VRWKV-Editor: Reducing quadratic complexity in transformer-based video editing
Abdelilah Aitrouga, Youssef Hmamouche, Amal El Fallah Seghrouchni
TL;DR
This work tackles the heavy computational burden of quadratic attention in diffusion-based video editing by introducing VRWKV-Editor, which integrates a linear spatio-temporal aggregation (VRWKV) into a diffusion framework. The method encodes videos into a latent space and employs a 3D-VRWKV module within a U-Net to perform noise prediction for edited outputs, dramatically reducing time and memory while preserving temporal coherence and text alignment. Empirical results show up to 3.7x speedups and 60% memory savings over state-of-the-art diffusion-based editors, with performance comparable in frame consistency and prompt fidelity, and benefits become more pronounced on longer videos. This approach advances practical, real-time-capable video editing by leveraging linear attention concepts in a diffusion-based, video-oriented architecture.
Abstract
In light of recent progress in video editing, deep learning models focusing on both spatial and temporal dependencies have emerged as the primary method.

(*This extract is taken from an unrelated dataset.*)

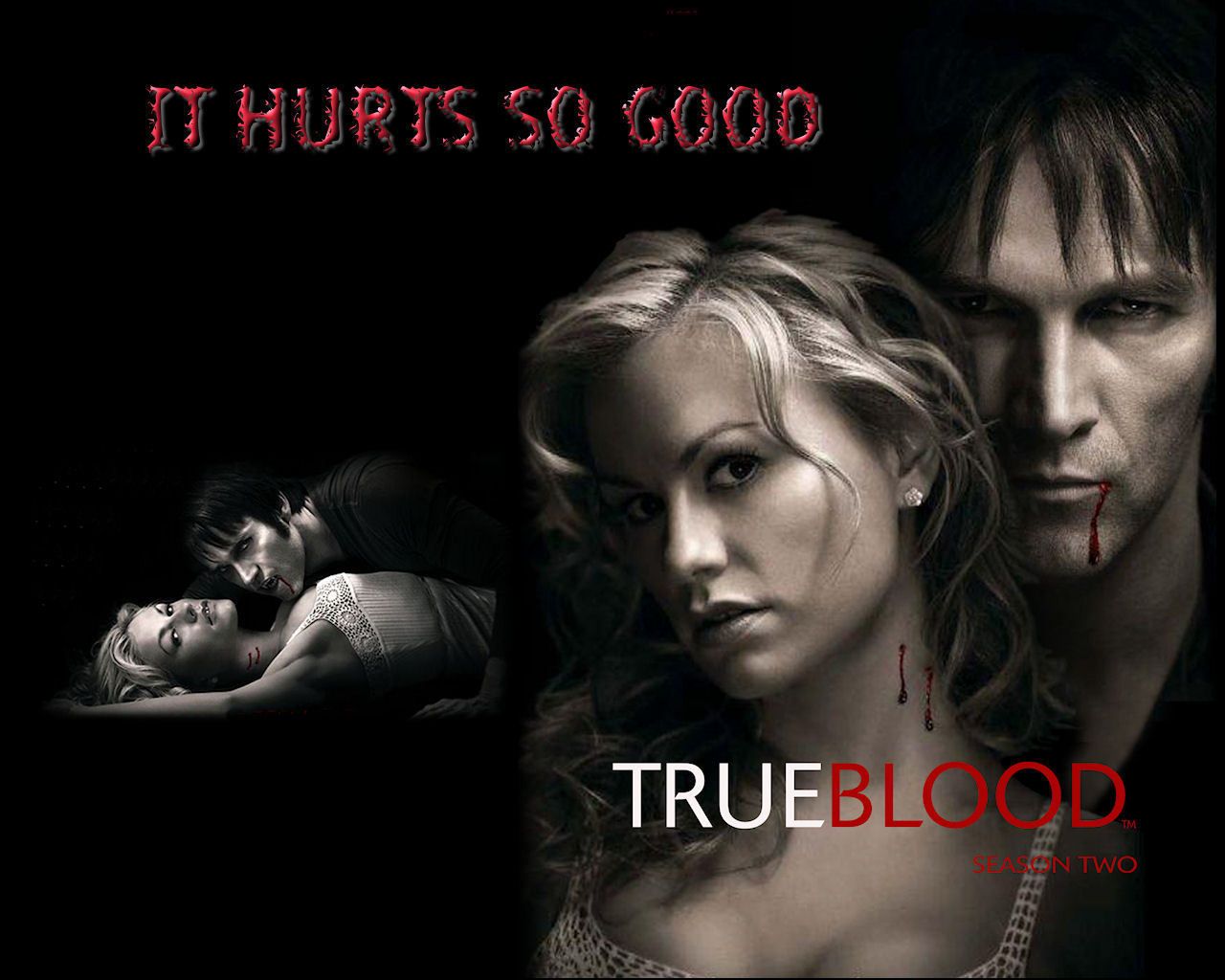 True Blood Wallpaper 1280x1024 Wallpapers, 1280x1024 Wallpapers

However, these models suffer from the quadratic computational complexity of traditional attention mechanisms, making them difficult to adapt to long-duration and high-resolution videos. This limitation restricts their applicability in practical contexts such as real-time video processing. To tackle this challenge, we introduce a method to reduce both time and space complexity of these systems by proposing VRWKV-Editor, a novel video editing model that integrates a linear spatio-temporal aggregation module into video-based diffusion models. VRWKV-Editor leverages bidirectional weighted key-value recurrence mechanism of the RWKV transformer to capture global dependencies while preserving temporal coherence, achieving linear complexity without sacrificing quality. Extensive experiments demonstrate that the proposed method achieves up to 3.7x speedup and 60% lower memory usage compared to state-of-the-art diffusion-based video editing methods, while maintaining competitive performance in frame consistency and text alignment. Furthermore, a comparative analysis we conducted on videos with different sequence lengths confirms that the gap in editing speed between our approach and architectures with self-attention becomes more significant with long videos.